→ **ABOUT THIS EXERCISE**: When you write out the listing below, keep each word exactly as it stands and drop the pictures.

→ **RECORDED INFORMATION**:
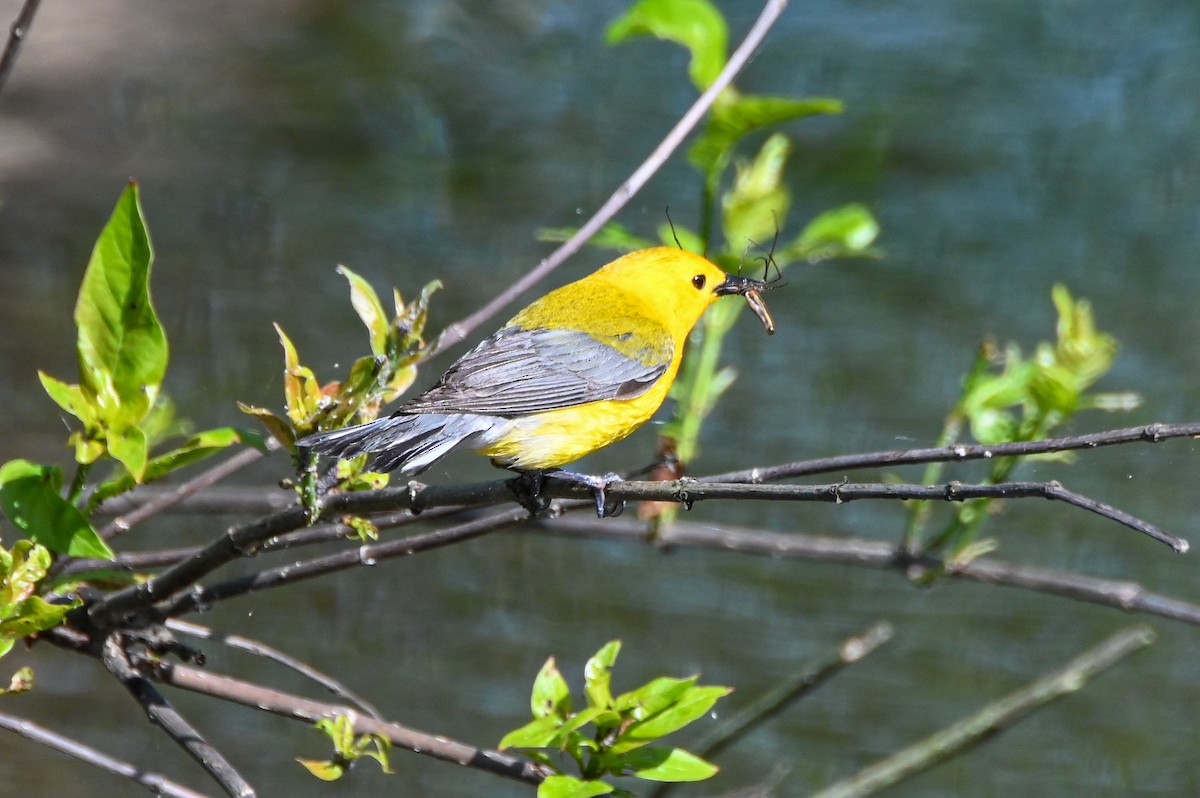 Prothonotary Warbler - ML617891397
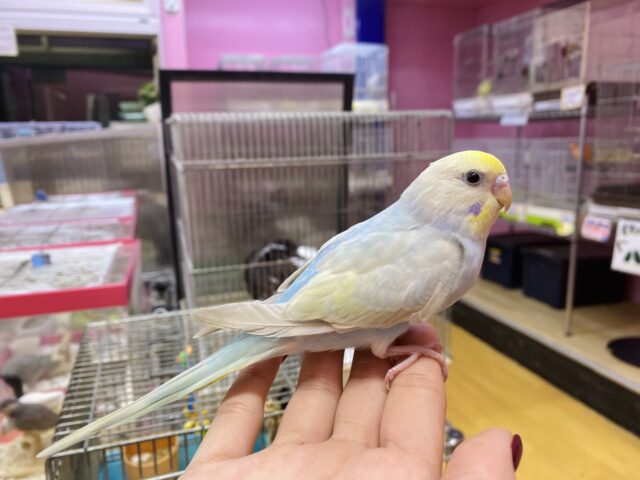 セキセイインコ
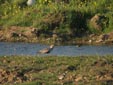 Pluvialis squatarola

→ **SOLUTION**:
 Prothonotary Warbler - ML617891397
 セキセイインコ
 Pluvialis squatarola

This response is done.